À espera da próxima vez de respirar

Brassaï - Brouillard, Avenue de l'Observatoire posters

(c) Brassaï - Brouillard, Avenue de l'Observatoire

Percorre-me uma hora nocturna. Saio. Desinfecto-me do mundo. Há por aqui oxigénio que chegue para sufocar um pouco menos. Neste ambiente subterrâneo encontro todas as frases. Todas as imagens. E fico-me por aqui. Sentado, à espera do próximo metro.

À espera da próxima vez de respirar.

Se não sufoco é porque não quero morrer agora. Mesmo. Esta agonia é passageira, apesar de tudo. Breve e passageira.

Ainda é noite aqui por baixo. Noite eterna, porventura.

Passam caras. Passam passos arrastados num silêncio velado, que não meu. Passam, abraçados, namorados, no compasso dos passos que se dão. E dos beijos que prometem com os olhos.

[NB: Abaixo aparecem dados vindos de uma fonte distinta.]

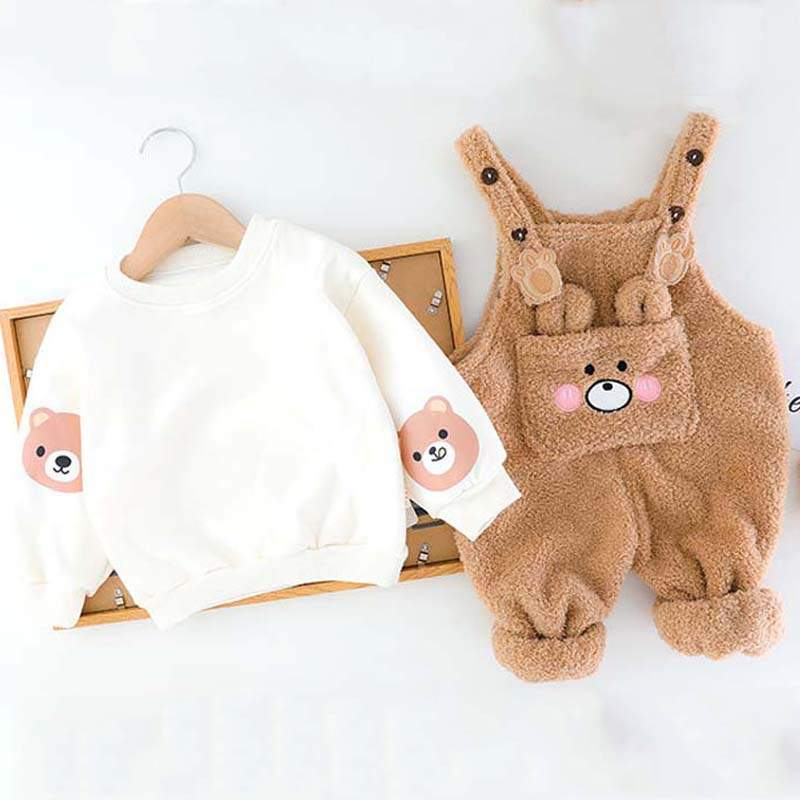 Conjunto Jardineira de Pelúcia c/Bolsinho Menina Menino | 6 Meses - 4 Anos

A esta hora, o ritmo do mundo marca-se com rugido de comboios, luz de túneis e linhas de carris. A esta hora já não há quem seja humano. Aqui dentro (debaixo) tudo é máquina, ruído e luz. Ruído e luz. E eu estou lá dentro. Faço-me máquina também.

Procuro sensações. Procuro imagens. Tudo me foge perante o sono. Tudo me escapa a este ritmo. Vou perder o próximo autocarro. Ainda há homens que se arrastam, limpos, penteados, bem vestidos. Farejam a vida com mãos cegas. Afinal, a vida é que anda atrás deles. Ronda-os o prazer de sentir felicidade. Ronda-os apenas. Não os toca. Não os quer. Nem os toma, jamais, para si.

Vou sair deste túnel. Regresso à vida. À superfície. Faço-me sozinho. Percorro as minhas avenidas. Aqui o ar seria menos poluído sem os carros-humanos-que-são-máquinas.